Extracted records
- Opening Delimiter -

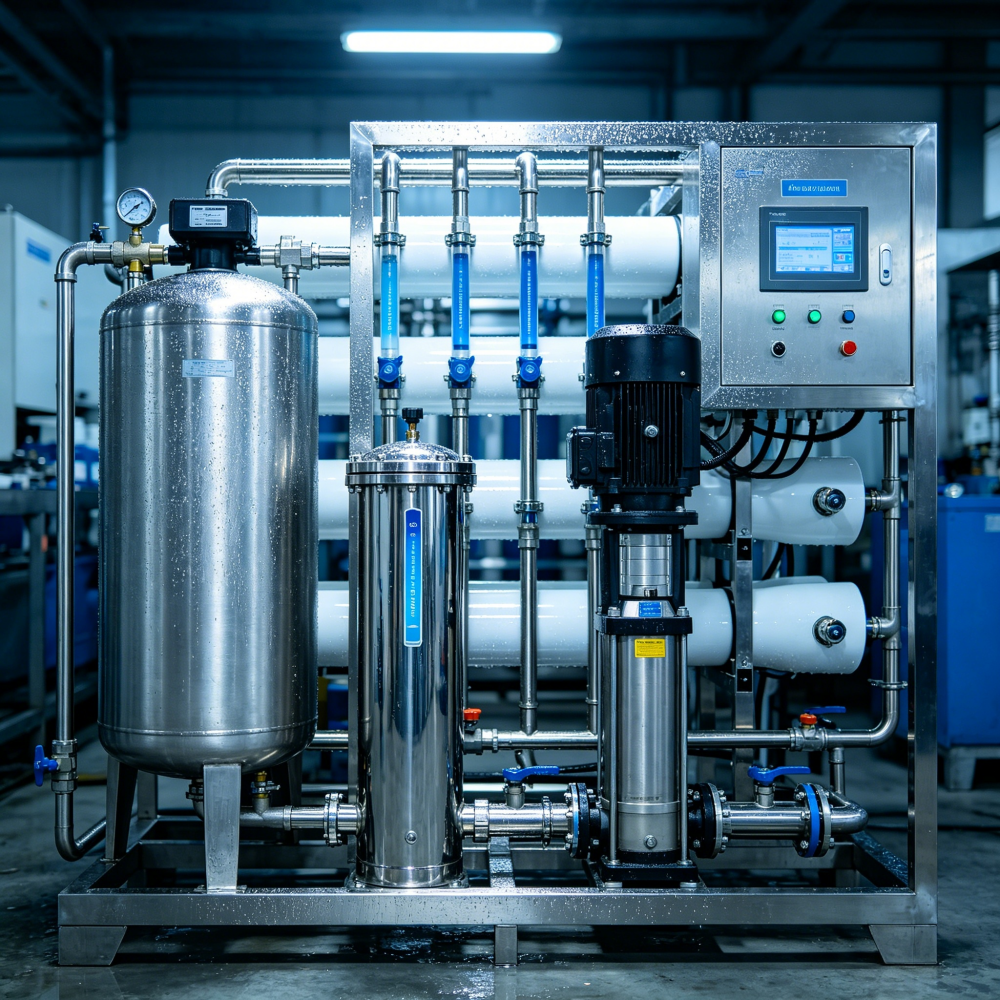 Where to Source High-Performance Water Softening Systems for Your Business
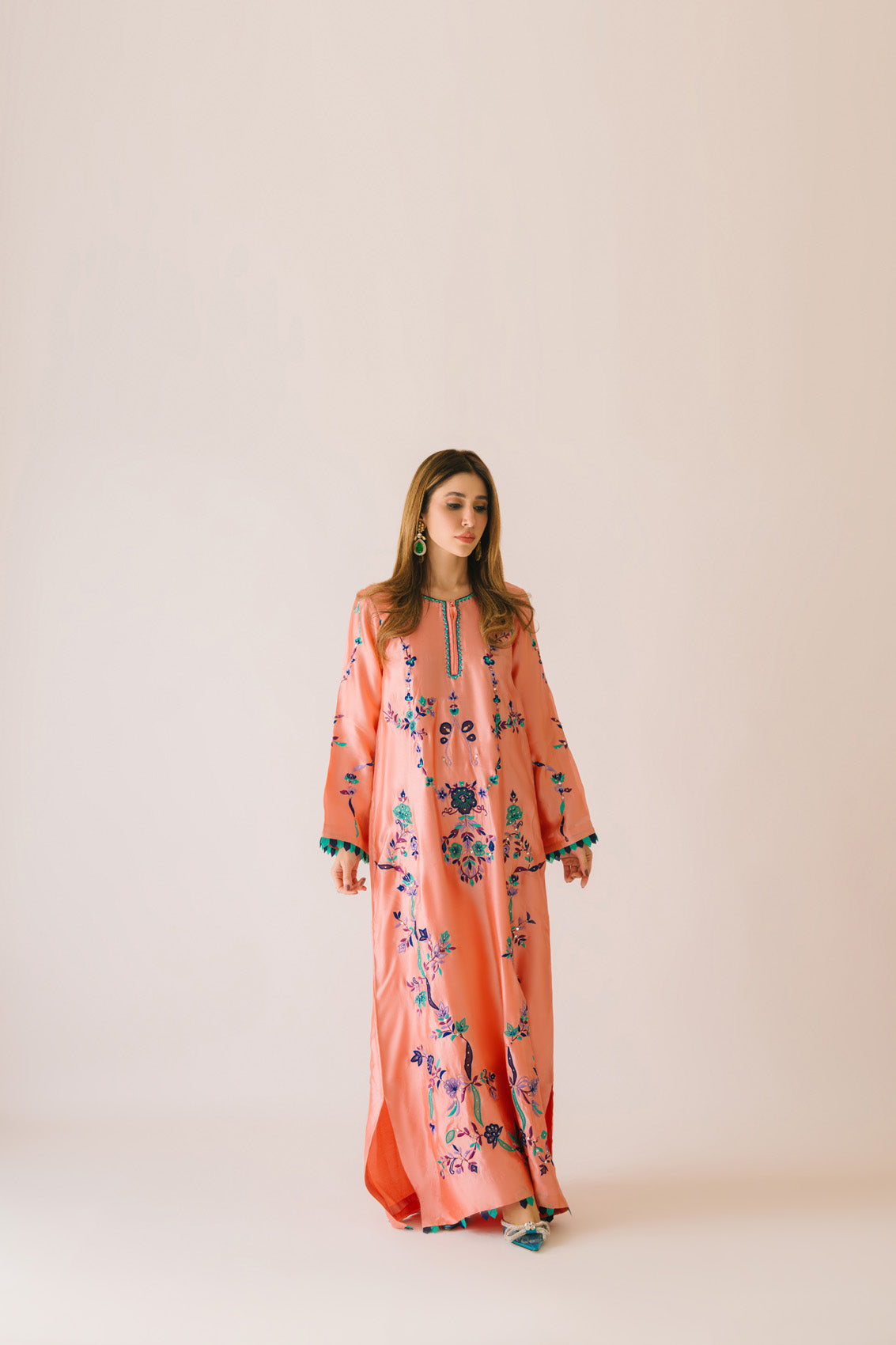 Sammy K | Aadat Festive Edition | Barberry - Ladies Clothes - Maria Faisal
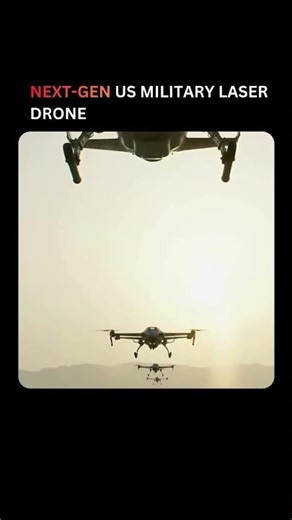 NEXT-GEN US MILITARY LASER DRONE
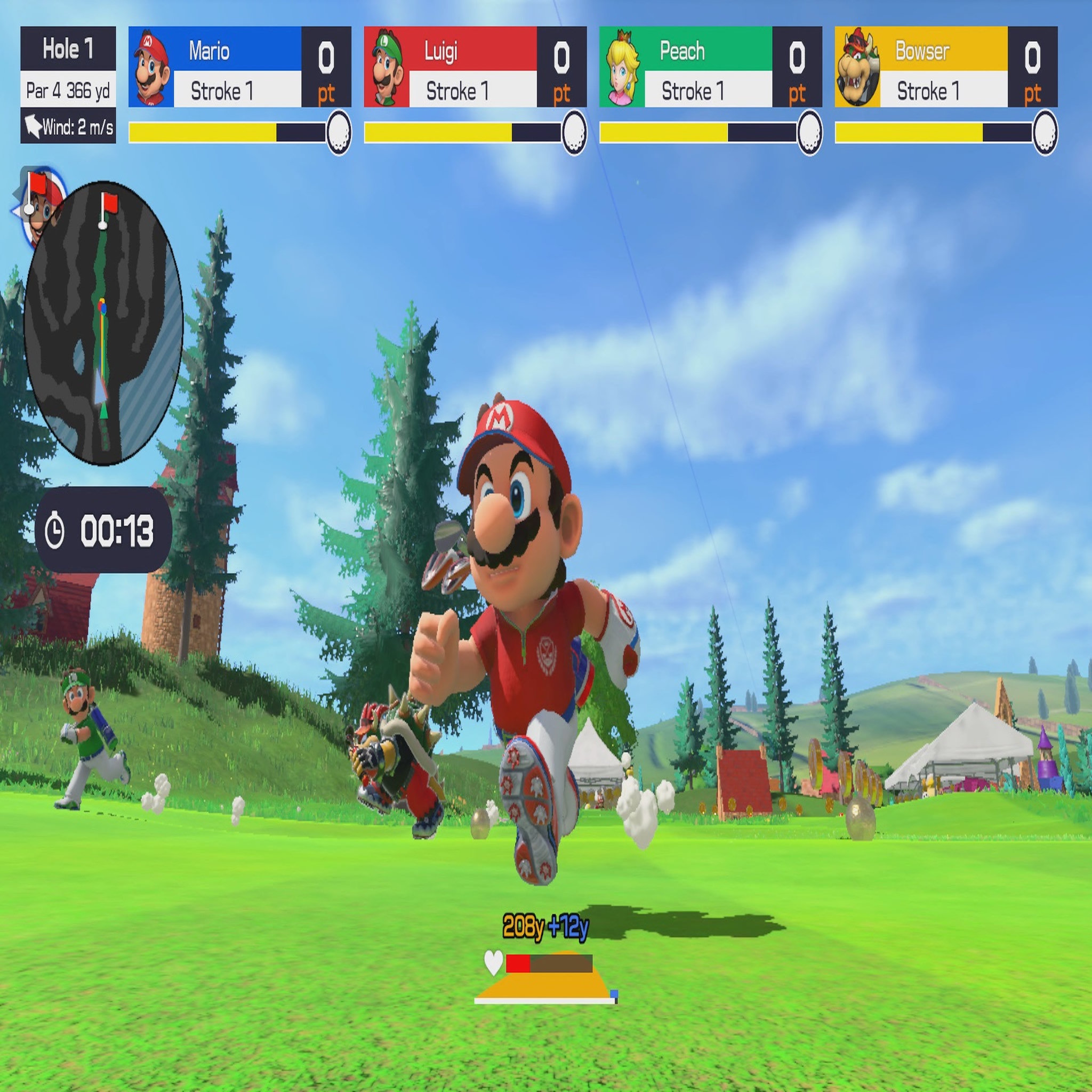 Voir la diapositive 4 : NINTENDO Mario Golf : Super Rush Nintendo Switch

- Closing Delimiter -
- Opening Delimiter -

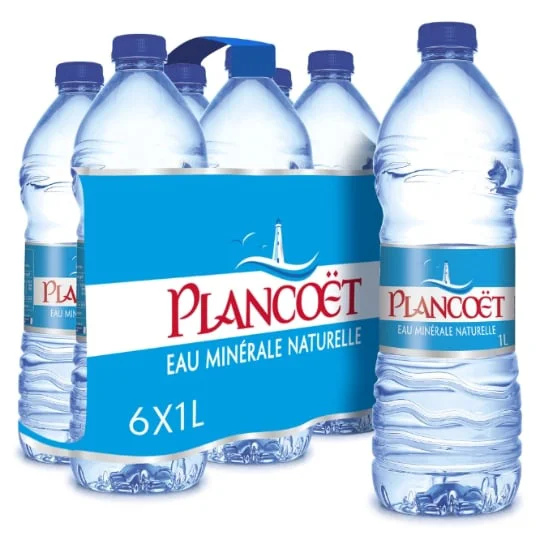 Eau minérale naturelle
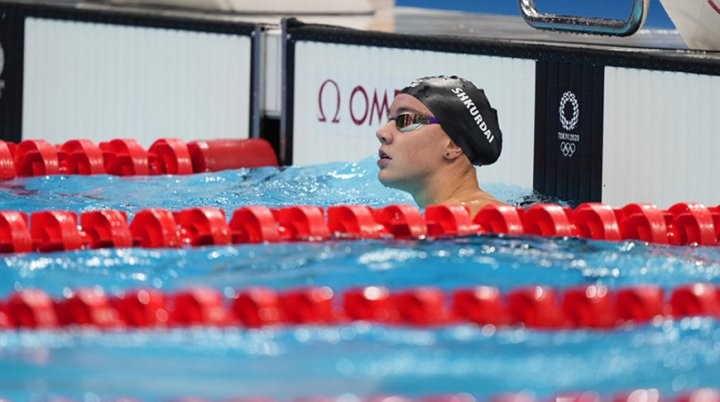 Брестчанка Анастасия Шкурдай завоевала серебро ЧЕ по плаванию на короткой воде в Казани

- Closing Delimiter -

Problem to solve
With the pictures omitted, restate word for word the lines above from the line that has "Where to Source" up to and including the line that has "Voir la diapositive", and no other lines.

Exercise result
 Where to Source High-Performance Water Softening Systems for Your Business
 Sammy K | Aadat Festive Edition | Barberry - Ladies Clothes - Maria Faisal
 NEXT-GEN US MILITARY LASER DRONE
 Voir la diapositive 4 : NINTENDO Mario Golf : Super Rush Nintendo Switch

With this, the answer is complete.